友とポルノと爺の群れ_ポルノ映画を観に行って来たレポート

友達に誘われて、ポルノ映画を観に行くことになった。理由を聞くと、社会勉強と暇つぶしだと言う。好奇心が勝り、自分もそれに便乗することにした。それにお互いにスケベなのは承知している。

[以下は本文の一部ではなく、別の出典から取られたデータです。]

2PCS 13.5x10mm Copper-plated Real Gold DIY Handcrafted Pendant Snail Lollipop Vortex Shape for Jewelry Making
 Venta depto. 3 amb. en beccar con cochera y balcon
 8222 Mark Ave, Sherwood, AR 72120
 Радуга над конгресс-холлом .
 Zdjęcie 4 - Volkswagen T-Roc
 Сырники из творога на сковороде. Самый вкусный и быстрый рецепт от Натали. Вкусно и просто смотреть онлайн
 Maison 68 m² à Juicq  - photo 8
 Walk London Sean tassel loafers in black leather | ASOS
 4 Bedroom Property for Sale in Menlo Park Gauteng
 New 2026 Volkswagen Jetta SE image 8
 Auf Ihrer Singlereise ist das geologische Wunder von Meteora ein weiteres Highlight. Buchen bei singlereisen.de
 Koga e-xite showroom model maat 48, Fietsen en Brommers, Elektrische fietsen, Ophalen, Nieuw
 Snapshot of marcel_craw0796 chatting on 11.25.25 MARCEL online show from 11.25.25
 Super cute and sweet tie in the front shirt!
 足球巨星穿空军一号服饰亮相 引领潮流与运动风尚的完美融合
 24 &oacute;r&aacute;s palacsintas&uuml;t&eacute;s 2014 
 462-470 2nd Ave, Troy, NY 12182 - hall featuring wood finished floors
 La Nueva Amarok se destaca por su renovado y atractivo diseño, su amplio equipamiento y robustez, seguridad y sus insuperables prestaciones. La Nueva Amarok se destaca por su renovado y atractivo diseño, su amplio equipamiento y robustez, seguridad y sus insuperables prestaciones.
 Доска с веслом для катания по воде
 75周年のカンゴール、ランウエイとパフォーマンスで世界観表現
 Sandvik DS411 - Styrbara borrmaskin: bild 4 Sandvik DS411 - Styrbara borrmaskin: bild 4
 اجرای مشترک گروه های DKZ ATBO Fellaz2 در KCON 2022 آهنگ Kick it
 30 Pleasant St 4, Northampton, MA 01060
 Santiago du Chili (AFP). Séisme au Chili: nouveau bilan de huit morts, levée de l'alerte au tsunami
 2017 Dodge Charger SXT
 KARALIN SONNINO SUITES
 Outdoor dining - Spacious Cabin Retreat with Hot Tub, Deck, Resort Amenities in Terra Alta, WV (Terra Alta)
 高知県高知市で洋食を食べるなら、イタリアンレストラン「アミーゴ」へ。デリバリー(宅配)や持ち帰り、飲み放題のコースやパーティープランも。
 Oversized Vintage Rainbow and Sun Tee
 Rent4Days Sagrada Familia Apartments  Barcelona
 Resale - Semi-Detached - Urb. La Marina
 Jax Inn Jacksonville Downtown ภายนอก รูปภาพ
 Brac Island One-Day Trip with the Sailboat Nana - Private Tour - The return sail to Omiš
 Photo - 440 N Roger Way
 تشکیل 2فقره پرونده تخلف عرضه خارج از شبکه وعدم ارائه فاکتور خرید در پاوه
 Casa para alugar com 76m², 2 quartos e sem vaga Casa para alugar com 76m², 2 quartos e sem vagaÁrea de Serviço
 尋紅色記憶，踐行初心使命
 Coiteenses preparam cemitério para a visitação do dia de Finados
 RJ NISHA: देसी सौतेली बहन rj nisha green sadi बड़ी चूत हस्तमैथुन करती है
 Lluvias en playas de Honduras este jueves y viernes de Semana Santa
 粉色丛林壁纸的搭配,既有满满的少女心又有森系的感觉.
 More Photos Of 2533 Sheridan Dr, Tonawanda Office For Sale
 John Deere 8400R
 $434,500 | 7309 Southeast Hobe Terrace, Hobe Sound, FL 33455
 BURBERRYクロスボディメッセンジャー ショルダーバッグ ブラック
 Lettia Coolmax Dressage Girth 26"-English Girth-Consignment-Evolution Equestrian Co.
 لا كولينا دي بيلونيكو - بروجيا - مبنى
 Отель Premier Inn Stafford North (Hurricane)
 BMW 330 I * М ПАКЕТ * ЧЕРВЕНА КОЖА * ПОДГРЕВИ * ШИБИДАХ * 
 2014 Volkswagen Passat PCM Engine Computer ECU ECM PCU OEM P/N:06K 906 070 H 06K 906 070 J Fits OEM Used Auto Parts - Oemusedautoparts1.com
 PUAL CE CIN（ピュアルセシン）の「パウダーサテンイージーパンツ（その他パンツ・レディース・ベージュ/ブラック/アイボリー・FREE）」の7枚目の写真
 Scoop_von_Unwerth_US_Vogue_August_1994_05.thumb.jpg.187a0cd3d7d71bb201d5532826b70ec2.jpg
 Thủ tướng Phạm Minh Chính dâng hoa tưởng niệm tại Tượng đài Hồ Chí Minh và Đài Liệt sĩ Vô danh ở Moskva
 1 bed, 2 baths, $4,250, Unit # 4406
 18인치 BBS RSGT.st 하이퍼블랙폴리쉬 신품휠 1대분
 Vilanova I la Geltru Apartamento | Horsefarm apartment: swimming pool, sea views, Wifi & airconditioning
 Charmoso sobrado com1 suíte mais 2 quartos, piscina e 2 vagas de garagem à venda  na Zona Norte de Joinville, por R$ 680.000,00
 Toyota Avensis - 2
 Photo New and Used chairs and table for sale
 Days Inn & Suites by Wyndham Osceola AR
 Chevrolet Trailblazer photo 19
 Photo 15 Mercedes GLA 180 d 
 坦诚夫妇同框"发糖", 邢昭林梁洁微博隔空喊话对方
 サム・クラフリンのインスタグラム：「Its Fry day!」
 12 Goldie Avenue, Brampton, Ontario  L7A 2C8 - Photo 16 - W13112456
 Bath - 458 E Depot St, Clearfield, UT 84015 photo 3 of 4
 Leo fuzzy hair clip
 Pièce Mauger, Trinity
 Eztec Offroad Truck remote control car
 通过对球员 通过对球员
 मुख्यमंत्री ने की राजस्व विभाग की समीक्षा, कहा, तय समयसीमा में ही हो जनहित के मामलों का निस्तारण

友達と現地付近で合流し、目的地に向かった。大通りを小道に抜けると、すぐ発見できた。店先には、原付が尋常じゃないほど止まっており、古めかしい掲示板には今週上映する映画のポスターが貼られていた。タイムスケジュールもあり、ちょうど映画が始まる事を示している。外観の時点で他の施設とは異なる雰囲気、異界感とでも言おうか、を発している。好奇心が止まらない。友達とじゃんけんをし、先陣を切ってもらう。中に入ると、ヤニの臭いが漂い、古めかしい券売機と受付の爺がいた。料金を支払い、半券を受付に愛想良く渡す。戸惑いながらも入口を見つけると、ちょうど人が出て来た。白髪混じりの40歳くらいの男だ。有り体に言えば不潔な印象である。ホールに入ると、女優の喘ぎ声が耳に入り、ゾンビの如く薄暗い館内を歩き回る爺達の姿が目に映る。見渡すと右端で一組の爺が御互いの身体を触り合っていた。なるほど、ハッテン場の役割があるのかと理解したが、見るに堪えない。空席を発見すると、友達の右に腰をかけ、映画を鑑賞する。通路を通る爺がしばしばこちらを見てくるので堪らず、マスクを付け顔を隠す。
肝心の内容は熟女ナンパものであり、全く高ぶらない。画面全体に館内のヤニの臭いを染み付けたような色をしているし、そもそも、熟女モノは僕にとっては藤浪並のボール玉だ。だが、あまりのおかしさにうっすらとした笑みが顔に張り付いて剥がれない。前の席をよくみると、二人でちちくり合っている。暫くすると、右の男がマスクを剥ぎ顔を隣の男の股間部分に動かし頭を上下にうごかしはじめた。恐らくはしゃぶっているだろう。館内を犇めくウォーキング爺、見るだけで不快感しかない爺達のボディタッチ。前方で行われる痴態。大画面で流れる演技丸出しの3流AV。頭がパンクしそうである。どうやら友達も同じようで、ニヤつきながら顔を見合わせる。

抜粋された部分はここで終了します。